There are those who believe that establishing an academic graduation standard is unfair and punitive. That it denies a valuable credential to young people who already have many obstacles to overcome. Others argue that it is too soon to take this step, either because students and schools have not had enough time to prepare or because we should wait until a wider variety of assessments is available to more fully measure all aspects of student ability. What these critics fail to recognize is that rejecting or delaying the implementation of a meaningful graduation requirement will not be a gift to those students who lack the knowledge and skill to reach the standard. To the contrary, it will be a punishment, in that it will help perpetuate a system and a culture that allow many young people to enter the world unprepared for success and set up for failure. The promise of a graduation standard is that it will impel young people to take seriously their responsibilities as students, and will at the same time bring out of the shadows those young people who are not being given the opportunity or support necessary to fulfill their potential.

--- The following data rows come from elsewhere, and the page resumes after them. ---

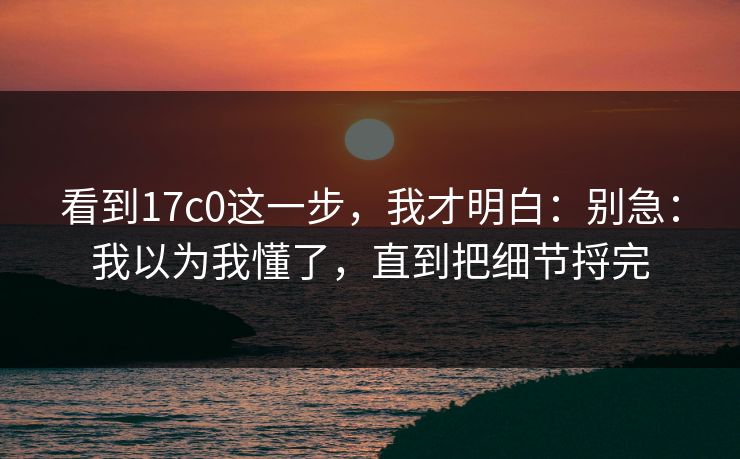看到17c0这一步，我才明白：别急：我以为我懂了，直到把细节捋完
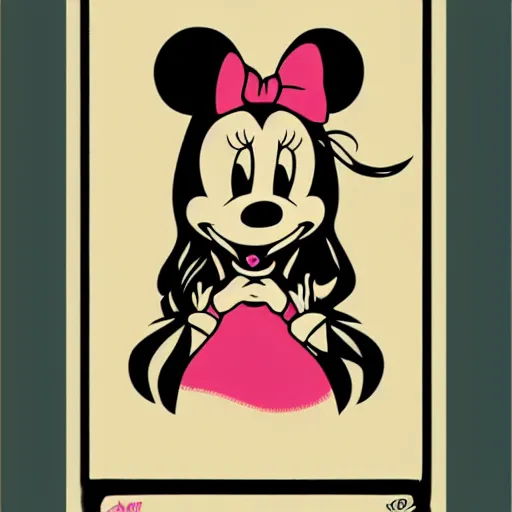 Image similar to portrait skull girl minnie mouse by petros afshar, tom whalen, laurie greasley, jc leyendecker and singer sargent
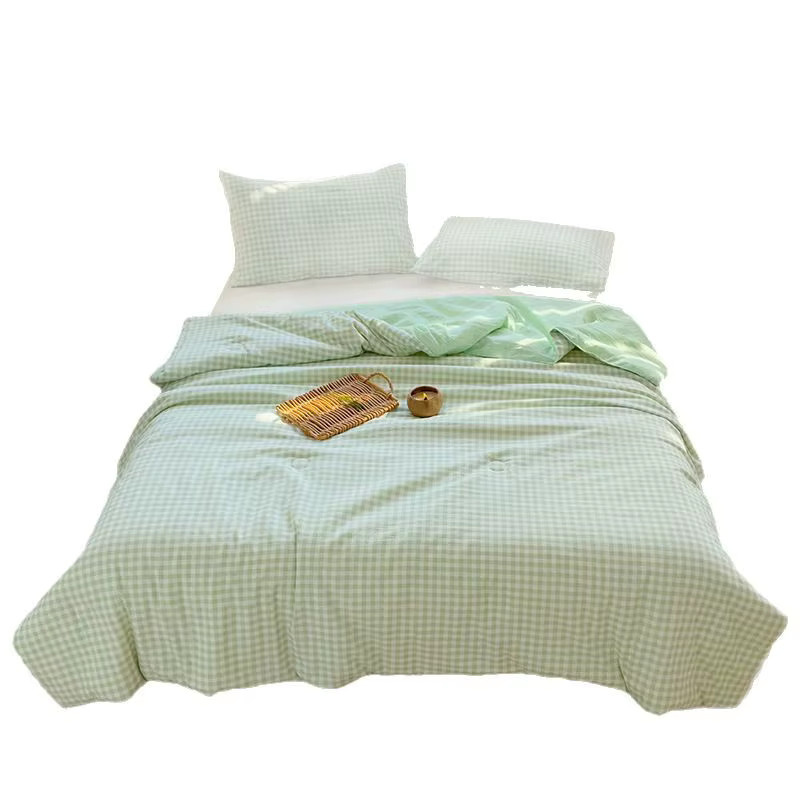 Lshah Japanische Gitter-Sommerdecke in Grün, atmungsaktive und kühle Steppdecke aus Polyester-Baumwoll-Mischung, B/B: 200 x 150 cm - Bild 2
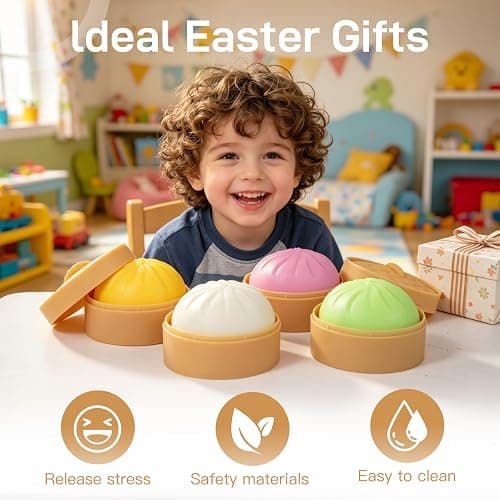 4 Pack Dumpling Squishies Toy Mystery Box, Colorful Dumplings Stress Balls Fidget Sensory Toy, Bun with Food Steamer Stretchy Desk Toys Soft Squeeze Decompression Dough for Adults Kids thumbnail 6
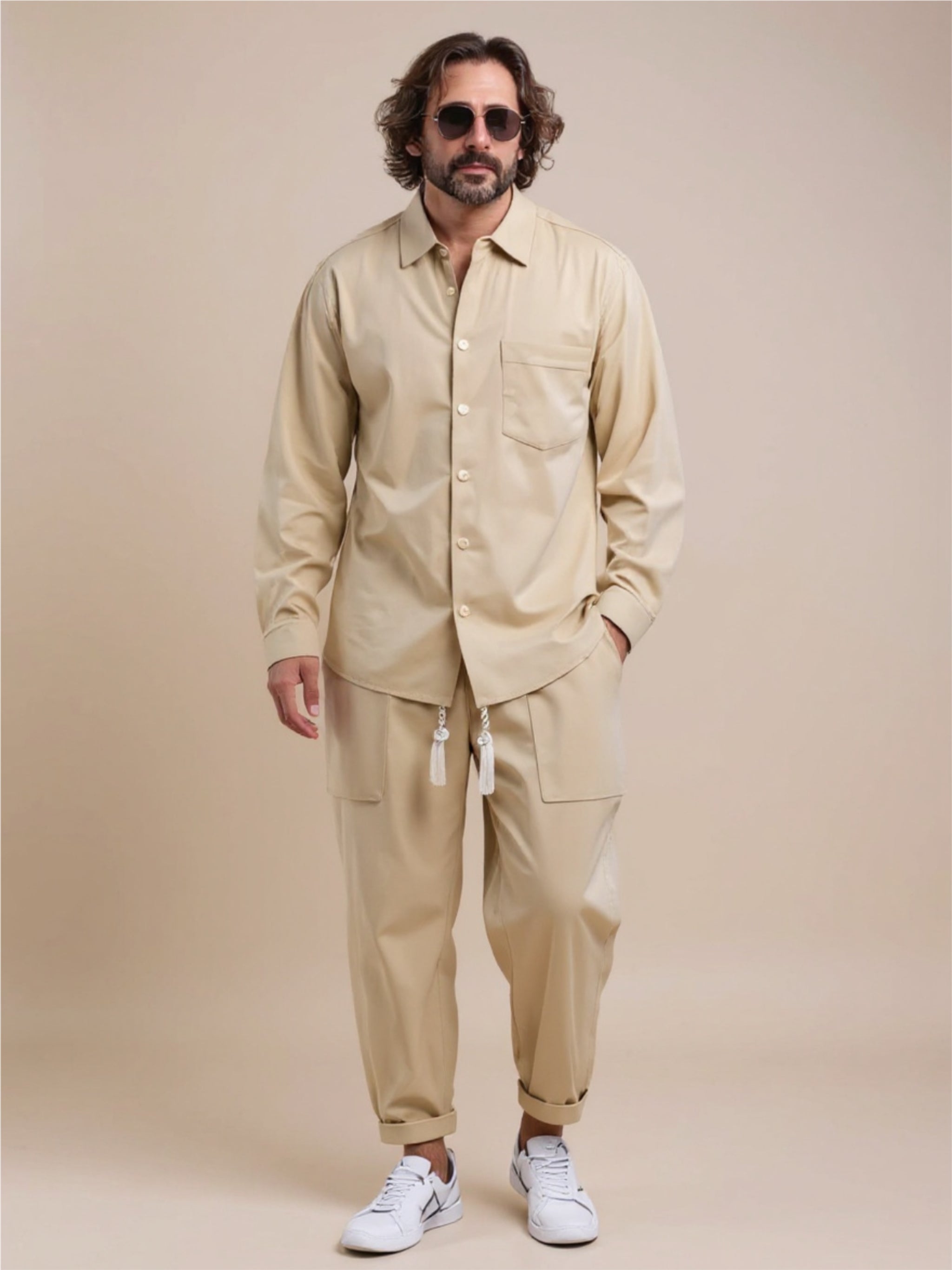 Collared Neck Long Sleeve Top & Pants Set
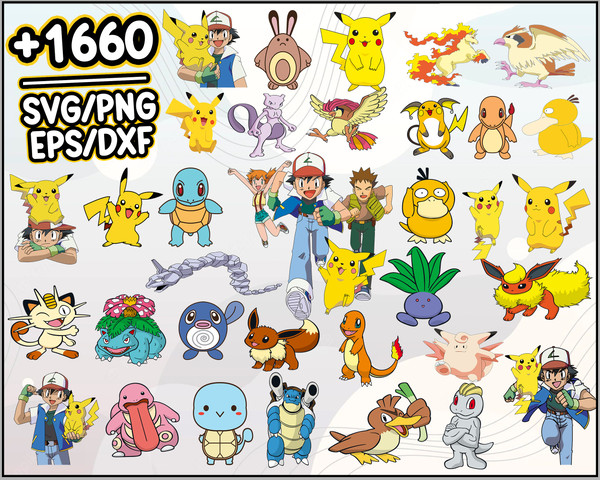 Pokemon SVG Bundle, 100+ Design Cartoon SVG PNG EPS DXF PDF Digital  Download LF6MHL04 - Package SVG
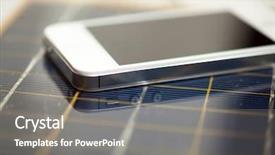  Presentation with mobile charging - Theme having mobile phone charging with solar background and a gray colored foreground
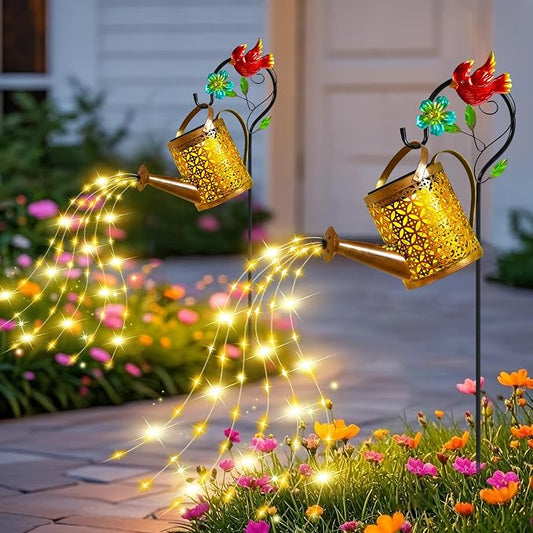 Solar Lights Outdoor, Watering Can with Cascading Lights, Watering Can with Hook Solar Lantern, Gardening Decor for Yard Patio, Gardening Gifts for Mom Grandma Women (2 Pack)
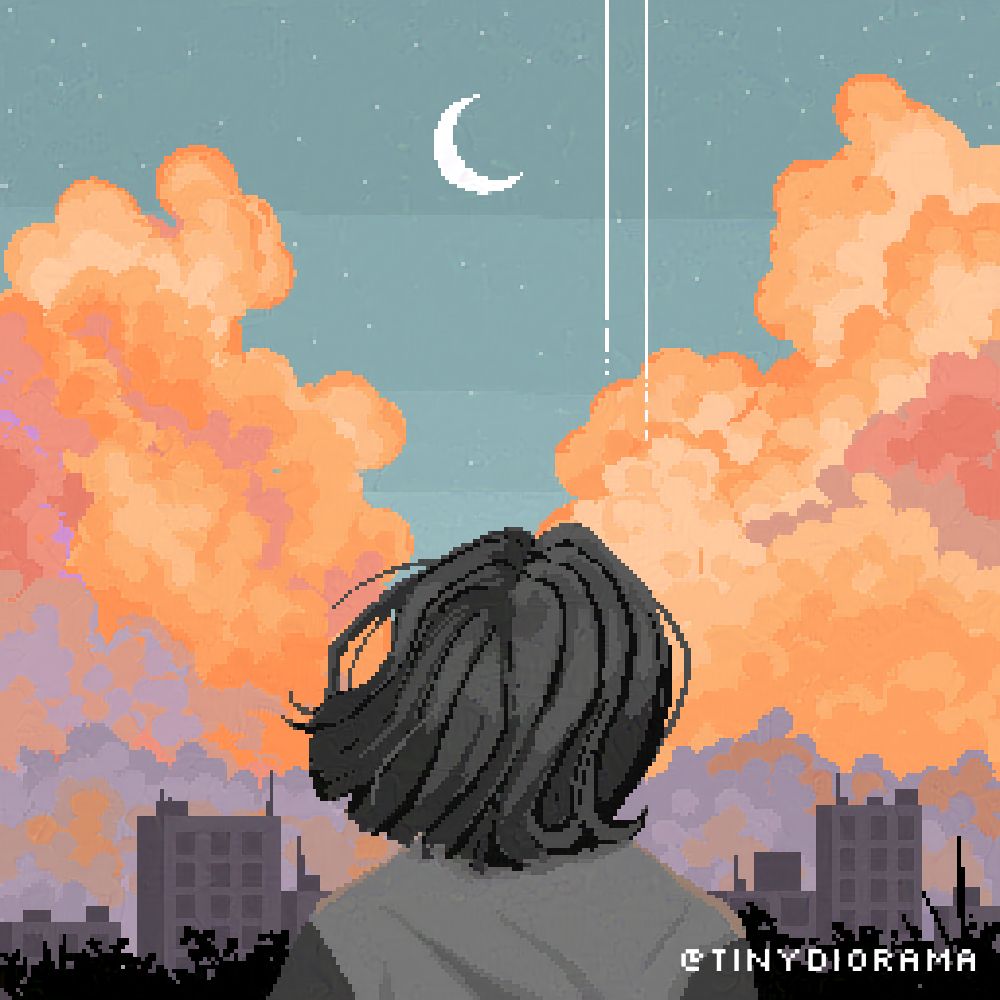 pixel art illustration of someone looking out over a city, with brilliant clouds and a moon. the person's back is facing us.
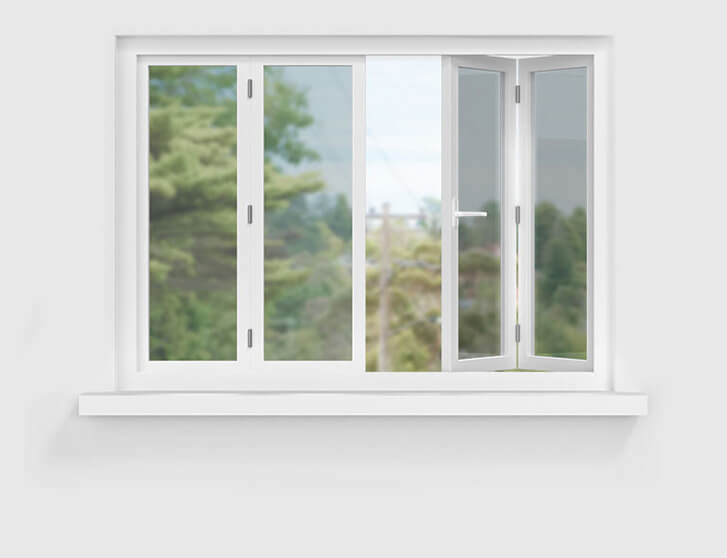 Bi-Fold windows horizontal open state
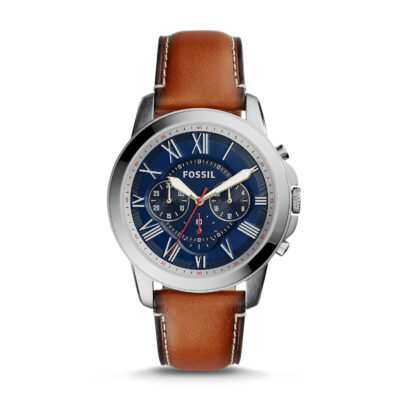 Fossil Grant Chronograph Light Brown Leather Watch - FS5210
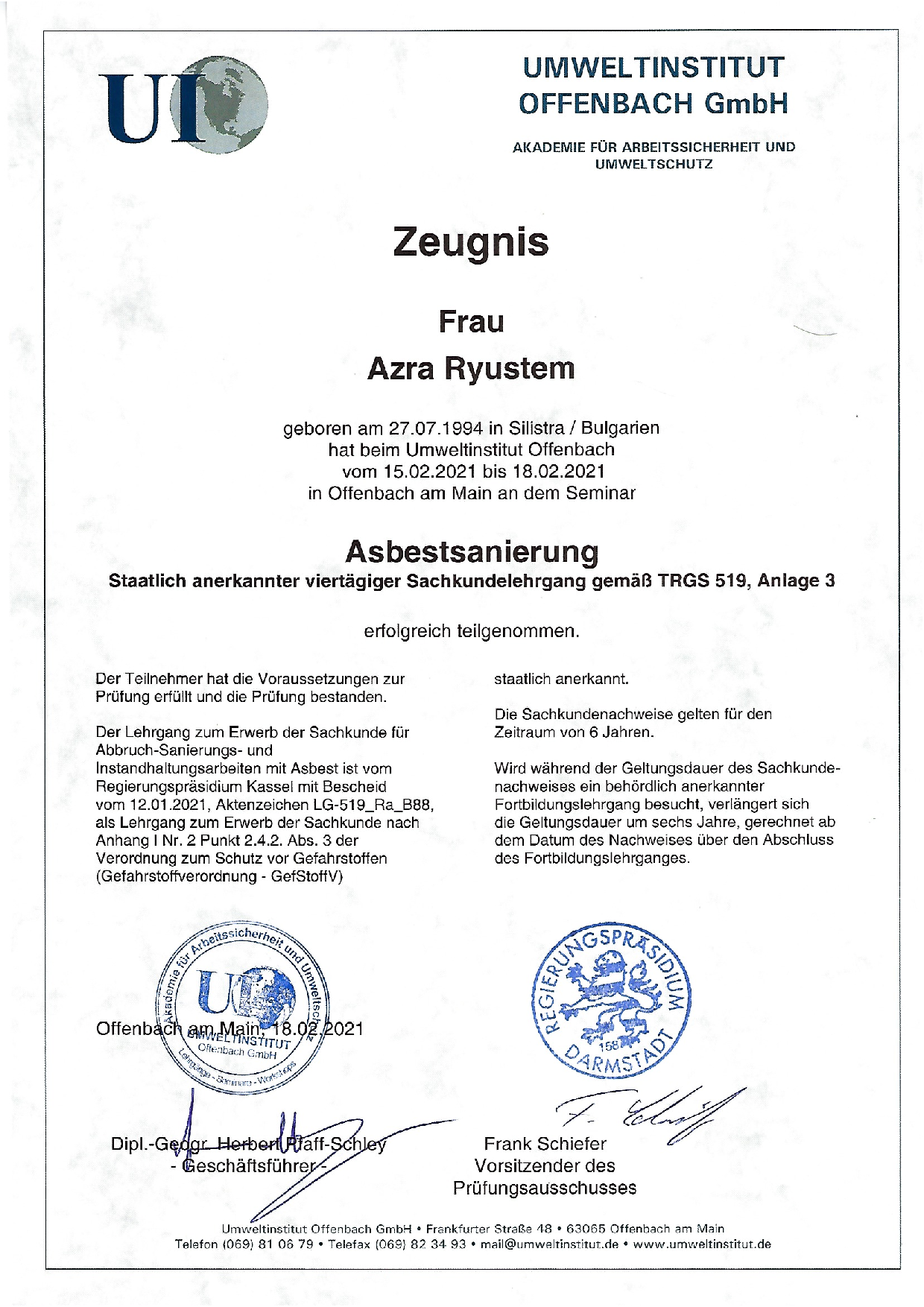 Weiteres Fachkundezertifikat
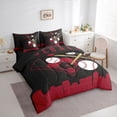 thumbnail image 3 of Homewish Modern Ball Sports Bedding Comforter Set 7pcs for Boys, Black Red Baseball Queen Bedding Sets, Chic Abstract Ombre Reversible Queen Sheet Sets, Breathable Home Decor, 3 of 7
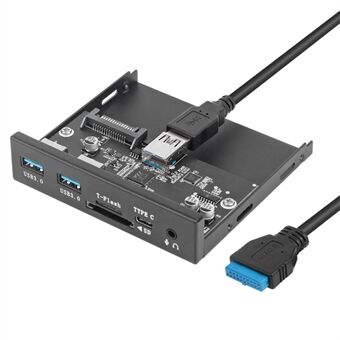 Y29 3,5-tums Expansionsdocka för Främre Fack med 2xUSB3.0 + TF / SD Kortplats + Type-C + Ljudanslutning Expansionspanel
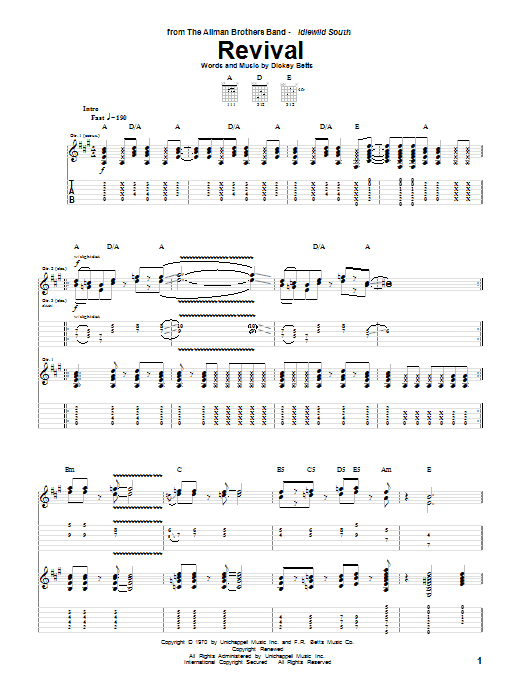 Preview The Allman Brothers Band Revival Pop sheet music, notes and chords for Guitar Tab, SKU: 72827 sheet music, piano notes, chords, guitar tabs, score, transpose, transcribe, how to play, guide, download, learn, tutorial, progression, song, artist, awards, billboard, mtv, vh1, tour, single, album, release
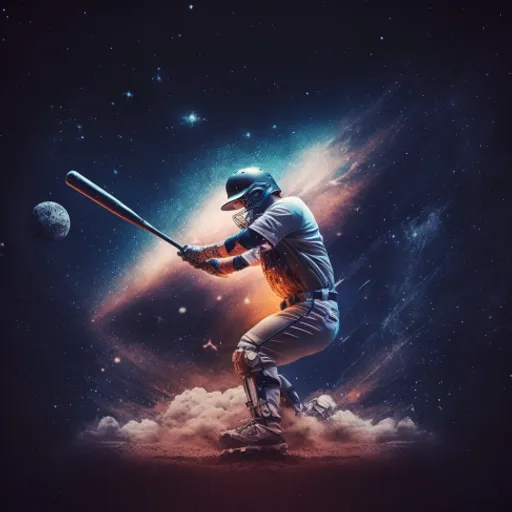 a baseball player holding a bat on top of a field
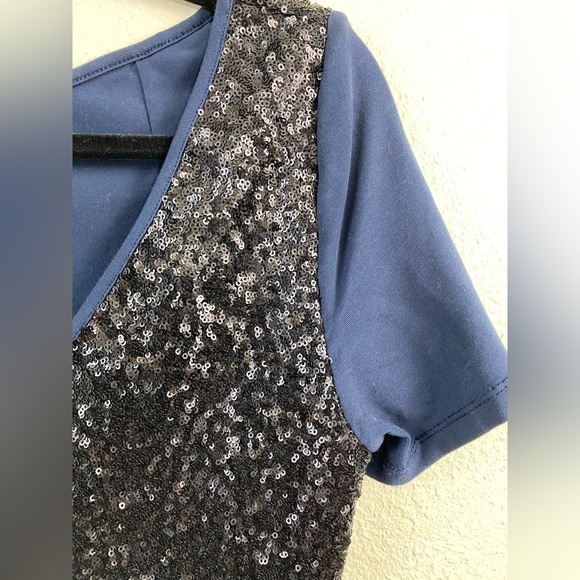 Reiss Amber Sequin Back Navy Cocktail Short Sleeve Wedding Guest Party Dress 6 - Picture 12 of 13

Unlike those who argue that the standard we propose today is too much to ask, others argue that it is too little; that establishing a performance requirement below our aspirations for all graduates debases the terms "standard" and "competency," which are at the core of education reform. But these critics do not adequately appreciate that this is the beginning of a process to establish and raise standards, it is not the end. Our first task is to ensure that clearly failing work is not rewarded with a high school diploma. Our longer-term objective is to bring all graduates to proficiency. In order to achieve this long term goal we must take care not to sacrifice the good in deference to the perfect. We cannot achieve our objective in a single step. Instead, we must begin and sustain a process of continuous improvement. To do that we must establish initial standards that are challenging, but achievable. And while we must speak honestly about the distance yet to travel, we must do so in a way that does not destroy hope.
I believe the proposal before you today, which is endorsed by both the Commissioner and me, strikes the right balance between today's reality and our expectations for the future. I hope it receives your support.